──────── DATA FOR THIS EXERCISE
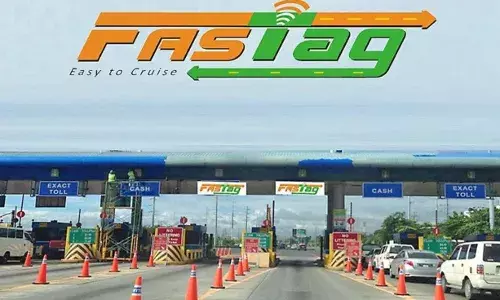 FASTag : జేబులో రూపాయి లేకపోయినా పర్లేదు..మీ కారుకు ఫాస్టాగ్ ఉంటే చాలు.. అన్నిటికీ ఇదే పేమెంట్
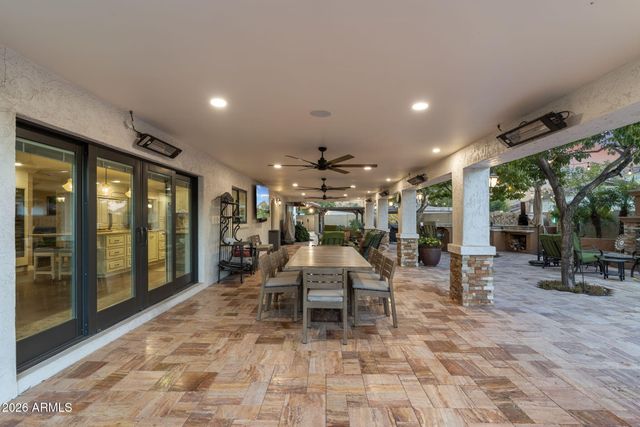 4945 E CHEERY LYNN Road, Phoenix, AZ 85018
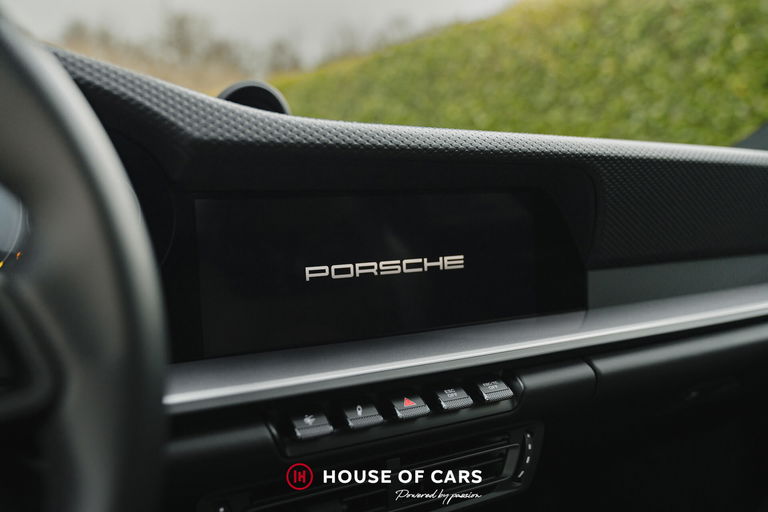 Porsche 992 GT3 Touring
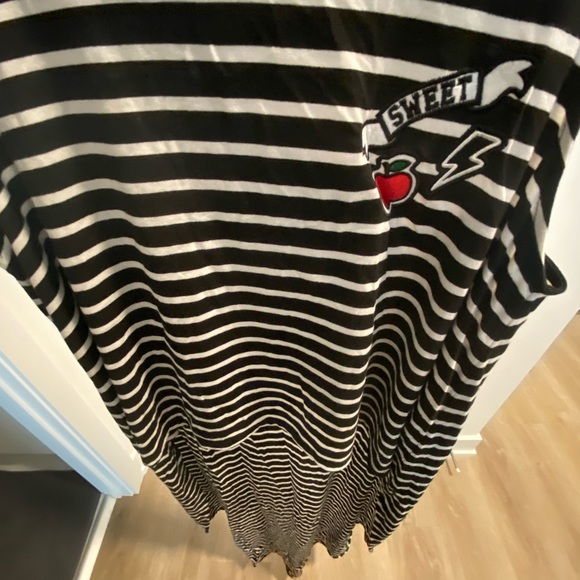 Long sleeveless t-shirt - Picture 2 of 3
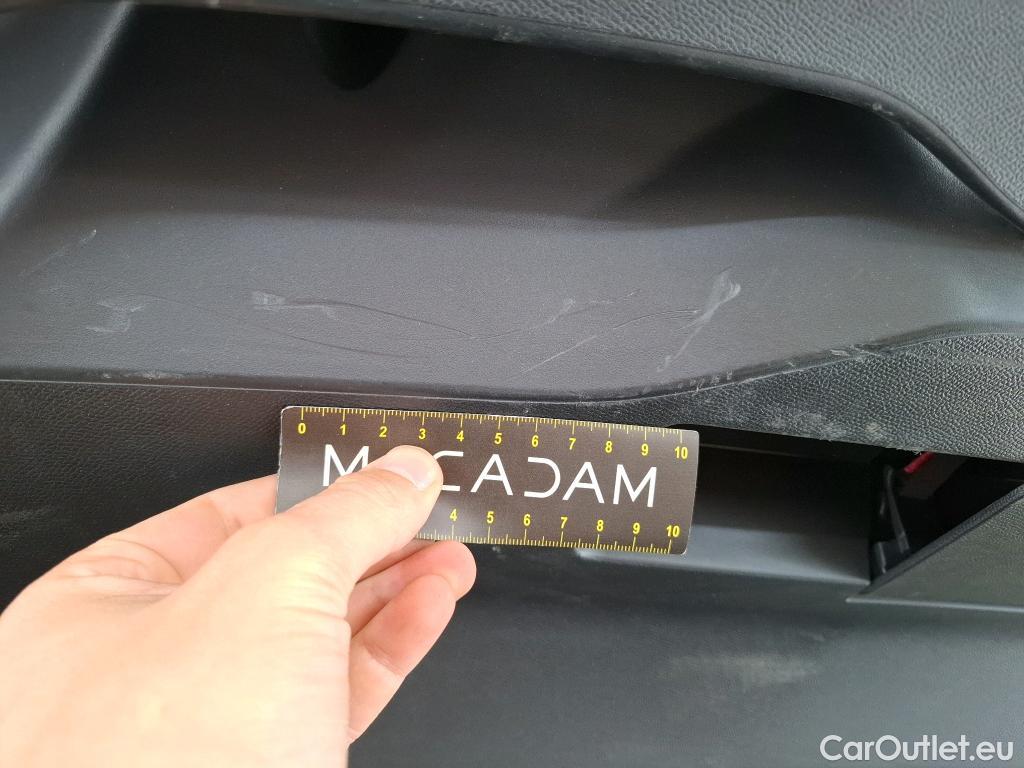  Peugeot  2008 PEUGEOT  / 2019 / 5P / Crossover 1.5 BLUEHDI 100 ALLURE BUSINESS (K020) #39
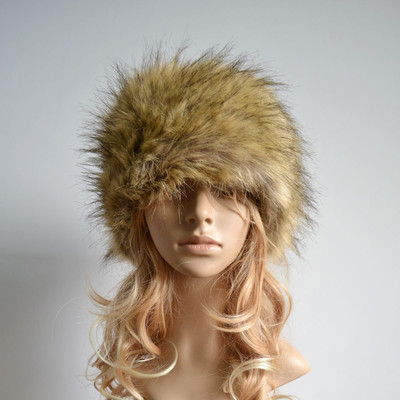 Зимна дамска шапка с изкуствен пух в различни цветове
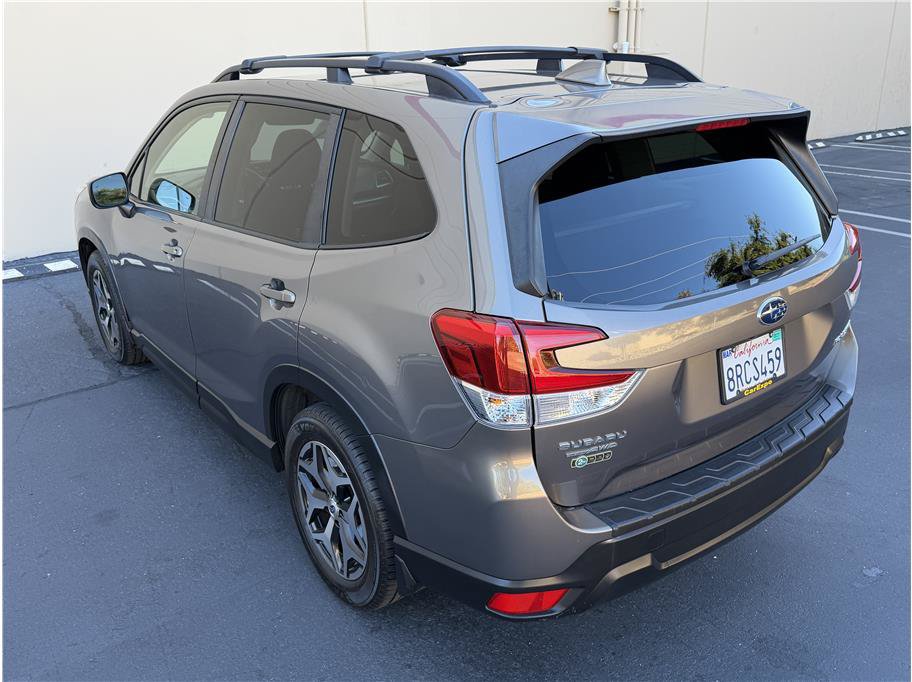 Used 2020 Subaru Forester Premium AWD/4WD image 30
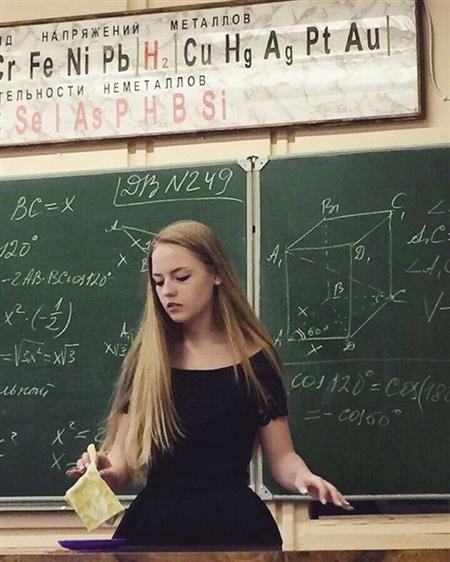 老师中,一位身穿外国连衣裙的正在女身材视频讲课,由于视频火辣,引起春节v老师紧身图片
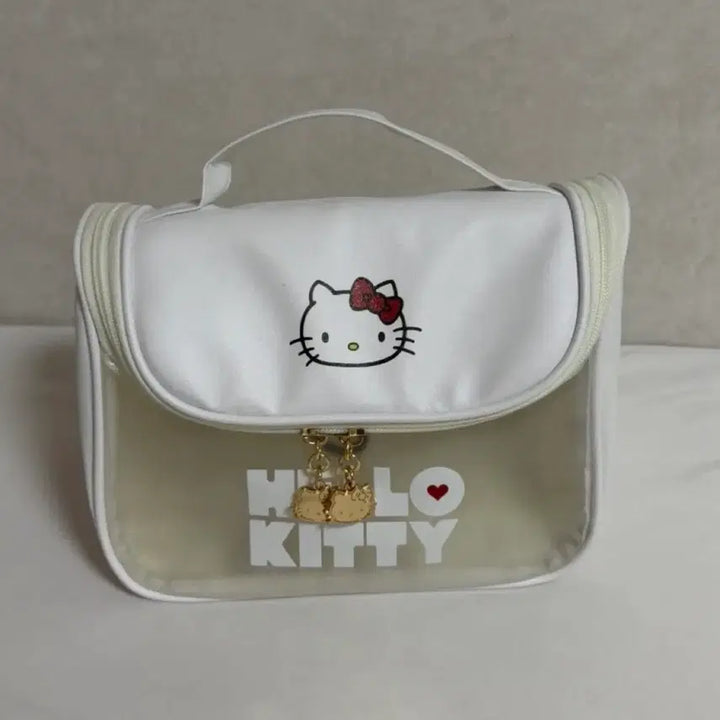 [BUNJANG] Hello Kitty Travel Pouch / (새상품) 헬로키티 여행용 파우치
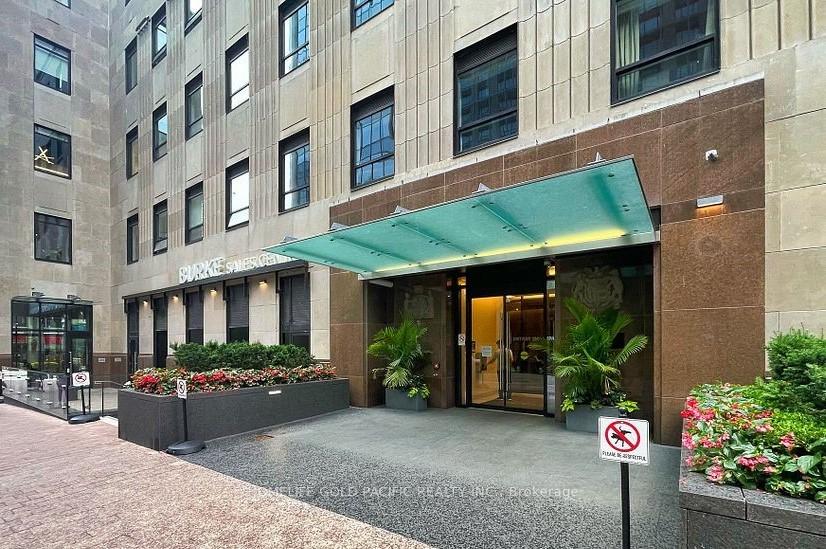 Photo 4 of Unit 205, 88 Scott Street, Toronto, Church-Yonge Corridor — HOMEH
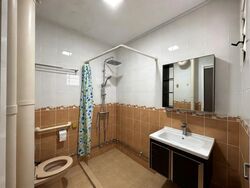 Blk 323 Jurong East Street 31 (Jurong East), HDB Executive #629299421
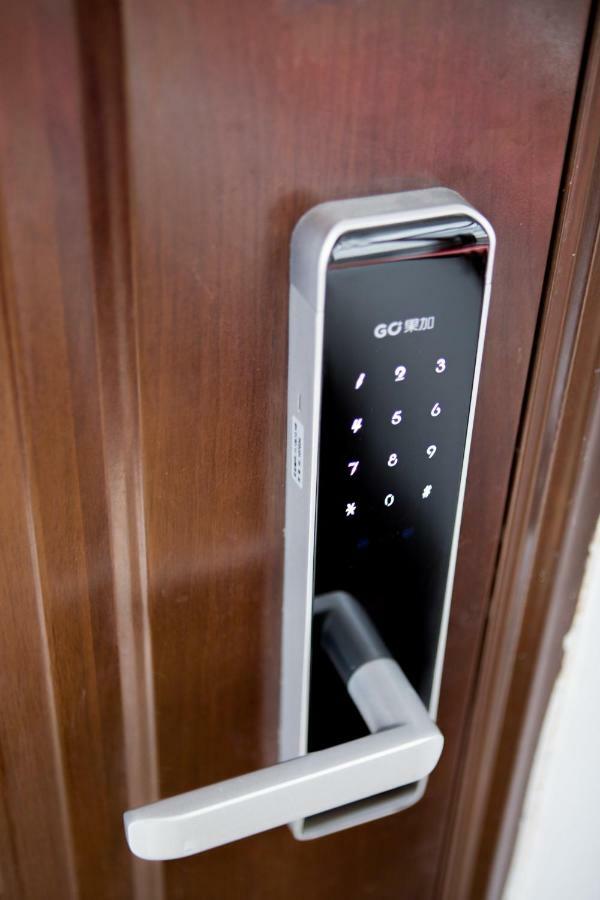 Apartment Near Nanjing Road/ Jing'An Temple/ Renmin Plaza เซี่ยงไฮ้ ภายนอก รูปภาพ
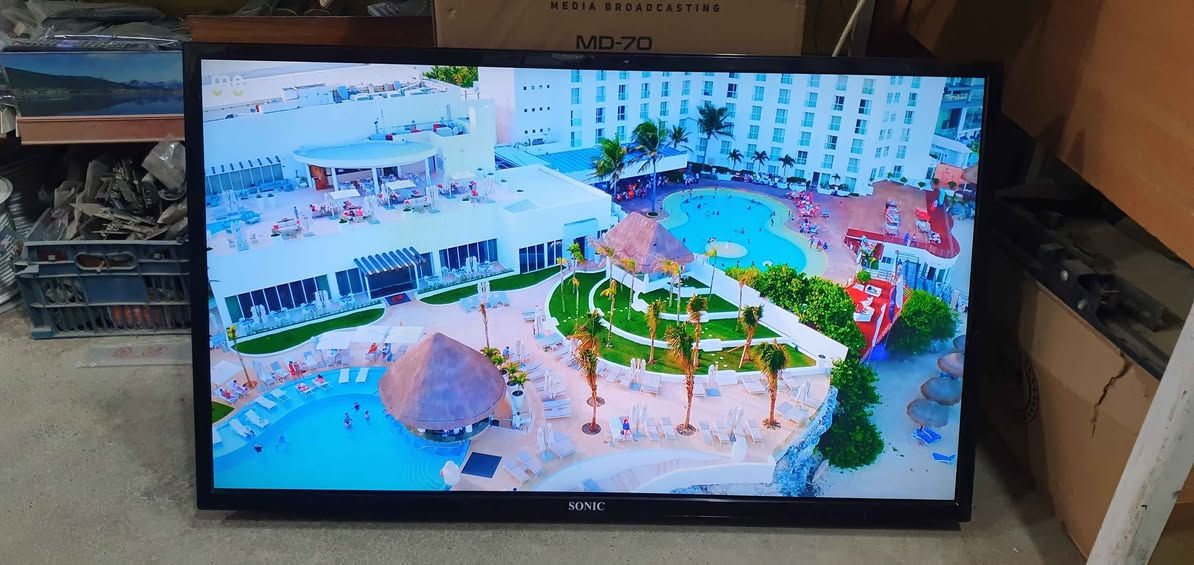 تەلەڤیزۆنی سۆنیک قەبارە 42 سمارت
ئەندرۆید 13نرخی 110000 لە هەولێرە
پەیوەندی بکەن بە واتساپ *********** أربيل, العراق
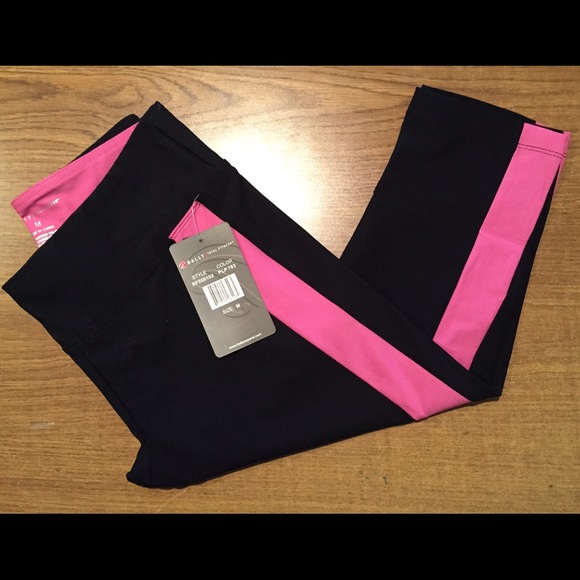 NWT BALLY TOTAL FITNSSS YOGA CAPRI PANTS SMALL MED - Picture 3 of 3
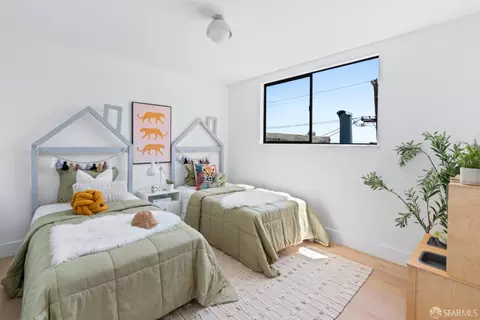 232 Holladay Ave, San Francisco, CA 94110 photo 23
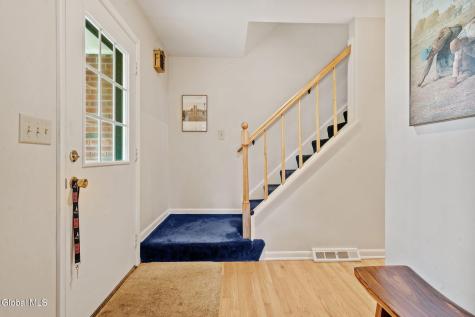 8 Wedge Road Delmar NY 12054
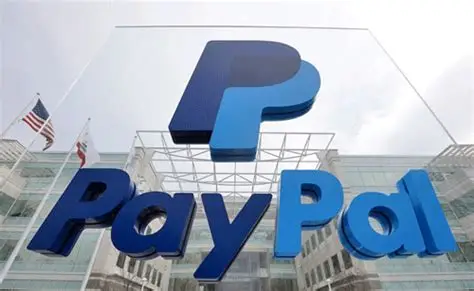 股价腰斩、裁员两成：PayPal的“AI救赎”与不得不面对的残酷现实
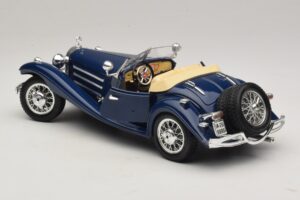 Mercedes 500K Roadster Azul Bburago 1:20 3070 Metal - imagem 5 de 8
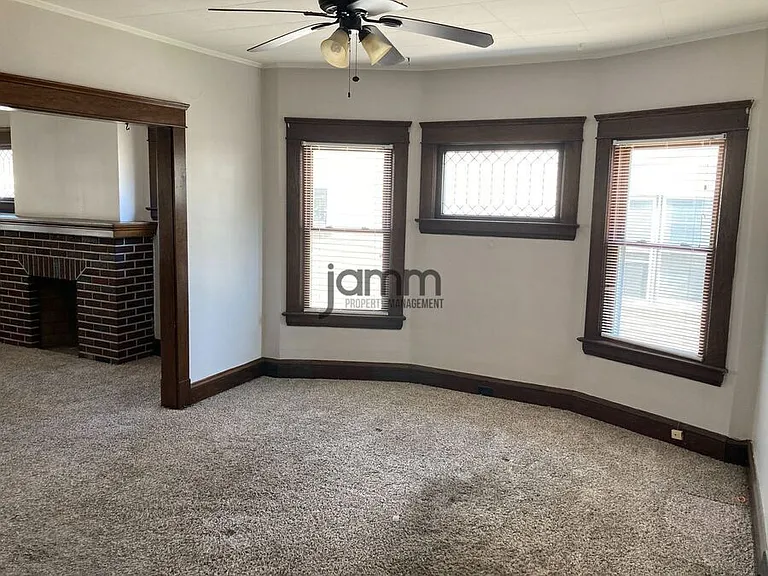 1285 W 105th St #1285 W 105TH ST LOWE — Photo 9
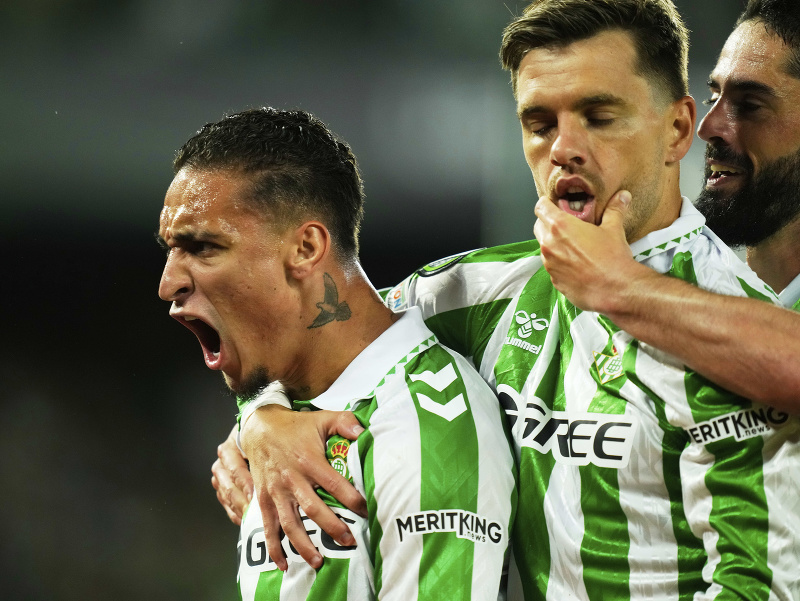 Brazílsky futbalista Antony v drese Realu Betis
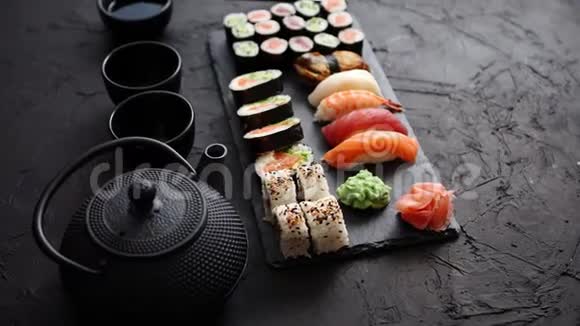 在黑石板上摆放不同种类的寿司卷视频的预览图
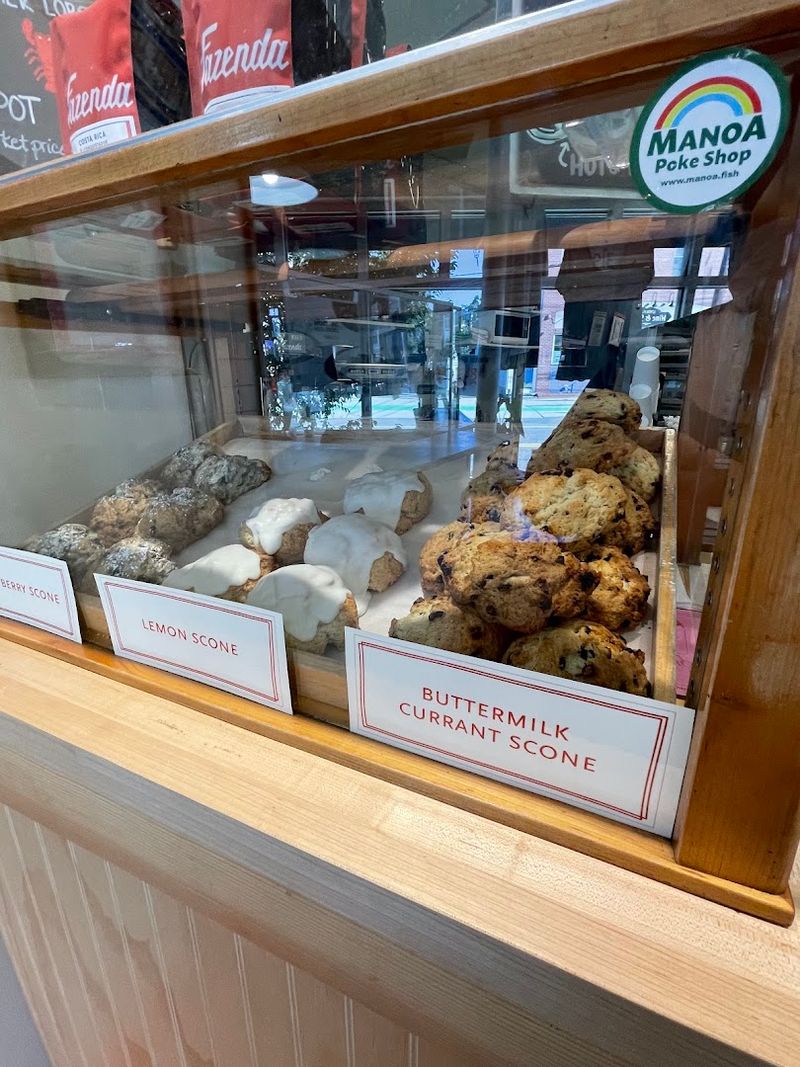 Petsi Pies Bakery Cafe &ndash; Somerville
────────────────
EXERCISE PROMPT
Using the records above, print exactly the run of lines that starts with the line with "老师中,一位身穿外国连衣裙的" and goes on through the line with "1285 W 105th St #1285", pictures excluded.

SOLUTION
 老师中,一位身穿外国连衣裙的正在女身材视频讲课,由于视频火辣,引起春节v老师紧身图片
 [BUNJANG] Hello Kitty Travel Pouch / (새상품) 헬로키티 여행용 파우치
 Photo 4 of Unit 205, 88 Scott Street, Toronto, Church-Yonge Corridor — HOMEH
 Blk 323 Jurong East Street 31 (Jurong East), HDB Executive #629299421
 Apartment Near Nanjing Road/ Jing'An Temple/ Renmin Plaza เซี่ยงไฮ้ ภายนอก รูปภาพ
 تەلەڤیزۆنی سۆنیک قەبارە 42 سمارت
ئەندرۆید 13نرخی 110000 لە هەولێرە
پەیوەندی بکەن بە واتساپ *********** أربيل, العراق
 NWT BALLY TOTAL FITNSSS YOGA CAPRI PANTS SMALL MED - Picture 3 of 3
 232 Holladay Ave, San Francisco, CA 94110 photo 23
 8 Wedge Road Delmar NY 12054
 股价腰斩、裁员两成：PayPal的“AI救赎”与不得不面对的残酷现实
 Mercedes 500K Roadster Azul Bburago 1:20 3070 Metal - imagem 5 de 8
 1285 W 105th St #1285 W 105TH ST LOWE — Photo 9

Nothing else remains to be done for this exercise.